In 1984, Congress empowered federal prosecutors to seek suspension of the applicable statute of limitations for up to three years while seeking to obtain business records and other evidence located overseas. See, 18 U.S.C. §3292. Section 3292 was a response to the increasing use of offshore banks in money laundering and tax evasion cases, which created delays for prosecutors seeking records from other countries and resulted in statute-of-limitations problems. Section 3292 allows the government to file an ex parte application asking a court to toll the applicable statute of limitations while awaiting production of evidence located overseas pursuant to a mutual legal assistance treaty (MLAT).

The Department of State has entered into dozens of MLATs with countries across the globe. Because many of today's business transactions have an international component, Section 3292 has played an increasingly important role in white collar criminal matters. Savvy prosecutors can (and frequently do) wait until the five-year limitations period is nearly expired to make a Section 3292 application, effectively lengthening the statute of limitations to eight years. See, Robert Anello, Prosecutions from the Financial Crisis: When Is It Safe to Come out of the Woods?, Forbes.com (Sept. 28, 2016). Because the government may file Section 3292 requests ex parte, putative criminal defendants often are not aware that the limitations period has been tolled and that they still are subject to prosecution for conduct seemingly beyond the normal statute of limitations.
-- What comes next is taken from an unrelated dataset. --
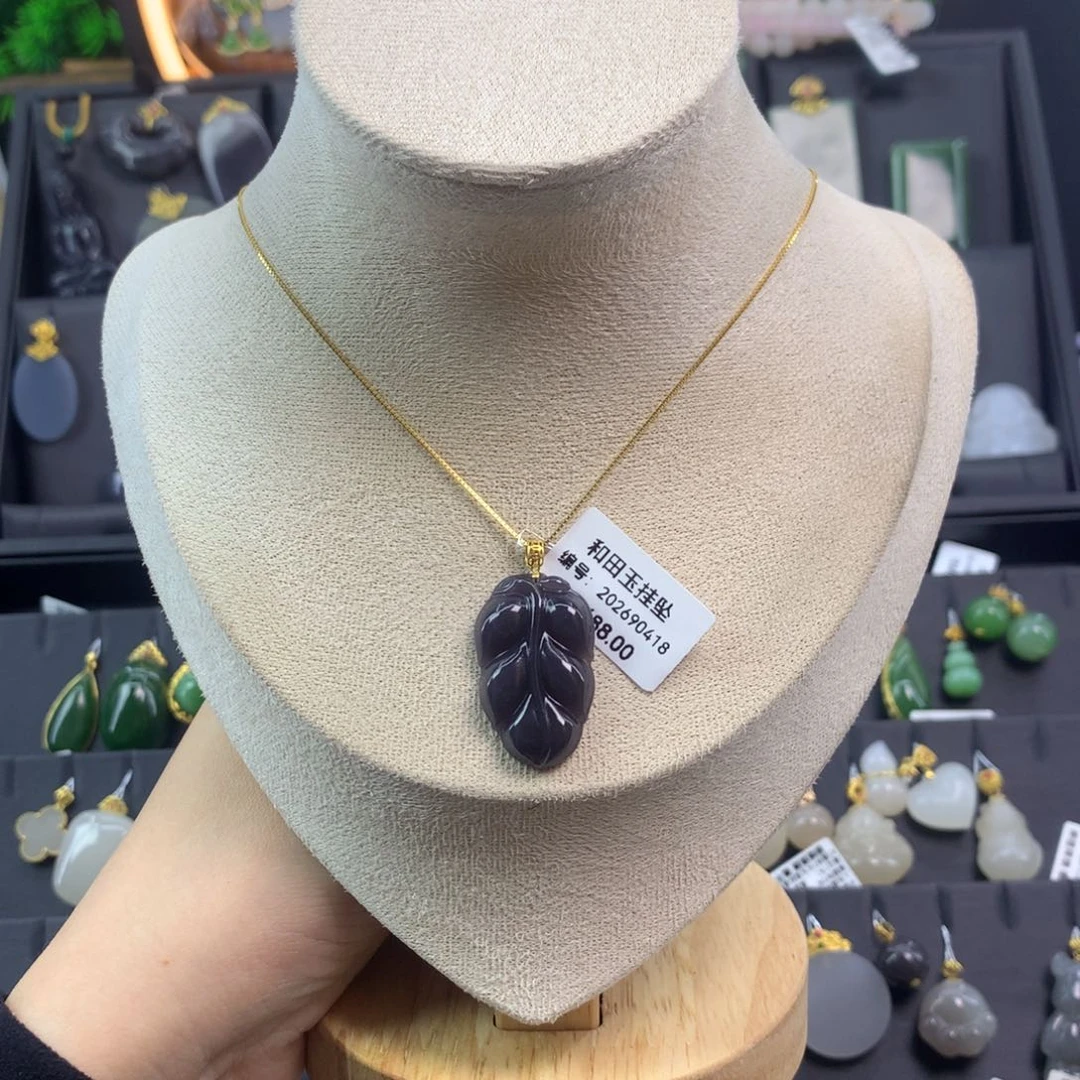 和田玉吊坠18K金镶嵌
Most courts have held that, as long as the government files an ex parte Section 3292 motion to suspend a statute of limitations in a district court before the applicable statute of limitations expires, the limitations period is tolled until the foreign evidence is produced or for a three-year period, whichever comes first. See, e.g., United States v. Kozeny, 541 F.3d 166, 168 (2d Cir. 2008) (holding that Section 3292 “require[s] the government to apply for a suspension of the running of the statute of limitations before the limitations period expires”). Some courts have taken a more liberal approach and have concluded that the statute of limitations is tolled under Section 3292 from the date the government makes an official MLAT request to a foreign authority, even if the suspension application is filed after the limitations period has elapsed. See, e.g., United States v. Jenkins, 633 F.3d 788, 799 (9th Cir. 2011). At any rate, MLAT requests provide the government with a powerful tool to extend or “revive” applicable statutes of limitations. As the ongoing prosecution of a former FX trader in California (discussed next month in Part Two of this article) makes clear, however, the issue of the government's good faith use of MLATs may still provide defendants a basis to challenge the tolling when prosecutors' use of the MLAT is merely a pretextual means of lengthening their investigation period.

Next month, in Part Two of this article, we will discuss other means the government has at its disposal to extend the statute of limitations for prosecuting certain cases.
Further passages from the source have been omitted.